*SOURCE INFORMATION*:
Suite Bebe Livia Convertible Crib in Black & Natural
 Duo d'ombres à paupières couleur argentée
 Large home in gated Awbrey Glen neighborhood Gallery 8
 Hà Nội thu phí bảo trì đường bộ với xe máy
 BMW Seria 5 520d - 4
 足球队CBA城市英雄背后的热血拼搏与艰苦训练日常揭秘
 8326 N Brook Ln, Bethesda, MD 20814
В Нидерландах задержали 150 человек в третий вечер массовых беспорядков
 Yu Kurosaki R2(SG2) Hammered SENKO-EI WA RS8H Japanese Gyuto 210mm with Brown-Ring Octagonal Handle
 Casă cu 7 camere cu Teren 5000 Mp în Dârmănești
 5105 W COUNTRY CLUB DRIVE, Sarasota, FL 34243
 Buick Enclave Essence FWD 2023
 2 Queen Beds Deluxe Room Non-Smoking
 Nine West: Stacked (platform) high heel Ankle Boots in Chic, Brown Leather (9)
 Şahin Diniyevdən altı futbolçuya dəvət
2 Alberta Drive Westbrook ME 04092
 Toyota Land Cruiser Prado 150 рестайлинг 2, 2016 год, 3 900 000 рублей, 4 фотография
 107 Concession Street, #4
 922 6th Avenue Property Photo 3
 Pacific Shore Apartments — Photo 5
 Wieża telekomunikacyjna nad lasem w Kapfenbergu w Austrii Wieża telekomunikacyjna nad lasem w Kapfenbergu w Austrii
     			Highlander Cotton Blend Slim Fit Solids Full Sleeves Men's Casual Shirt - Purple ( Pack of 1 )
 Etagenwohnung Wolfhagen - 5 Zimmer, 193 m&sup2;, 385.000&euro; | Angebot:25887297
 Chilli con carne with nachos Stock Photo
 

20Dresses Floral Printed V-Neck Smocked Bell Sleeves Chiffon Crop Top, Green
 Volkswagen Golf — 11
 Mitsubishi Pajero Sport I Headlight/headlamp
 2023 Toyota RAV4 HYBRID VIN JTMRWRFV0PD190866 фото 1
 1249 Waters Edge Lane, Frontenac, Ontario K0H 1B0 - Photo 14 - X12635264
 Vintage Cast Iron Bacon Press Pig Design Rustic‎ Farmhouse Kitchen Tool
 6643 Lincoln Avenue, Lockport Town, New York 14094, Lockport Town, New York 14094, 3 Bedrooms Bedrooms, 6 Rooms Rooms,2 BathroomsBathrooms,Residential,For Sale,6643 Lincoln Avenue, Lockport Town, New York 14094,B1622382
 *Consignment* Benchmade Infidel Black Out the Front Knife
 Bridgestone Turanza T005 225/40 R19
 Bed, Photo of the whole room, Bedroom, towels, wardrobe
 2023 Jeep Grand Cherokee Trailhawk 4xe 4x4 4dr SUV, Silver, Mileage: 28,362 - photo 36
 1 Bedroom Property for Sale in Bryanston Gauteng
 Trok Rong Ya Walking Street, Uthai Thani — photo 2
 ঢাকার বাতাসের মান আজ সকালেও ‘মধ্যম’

*PROBLEM DESCRIPTION*:
Every line from the one containing "2023 Toyota RAV4" through the end of the entries above must be echoed exactly, with both ends kept.

*RESULT*:
 2023 Toyota RAV4 HYBRID VIN JTMRWRFV0PD190866 фото 1
 1249 Waters Edge Lane, Frontenac, Ontario K0H 1B0 - Photo 14 - X12635264
 Vintage Cast Iron Bacon Press Pig Design Rustic‎ Farmhouse Kitchen Tool
 6643 Lincoln Avenue, Lockport Town, New York 14094, Lockport Town, New York 14094, 3 Bedrooms Bedrooms, 6 Rooms Rooms,2 BathroomsBathrooms,Residential,For Sale,6643 Lincoln Avenue, Lockport Town, New York 14094,B1622382
 *Consignment* Benchmade Infidel Black Out the Front Knife
 Bridgestone Turanza T005 225/40 R19
 Bed, Photo of the whole room, Bedroom, towels, wardrobe
 2023 Jeep Grand Cherokee Trailhawk 4xe 4x4 4dr SUV, Silver, Mileage: 28,362 - photo 36
 1 Bedroom Property for Sale in Bryanston Gauteng
 Trok Rong Ya Walking Street, Uthai Thani — photo 2
 ঢাকার বাতাসের মান আজ সকালেও ‘মধ্যম’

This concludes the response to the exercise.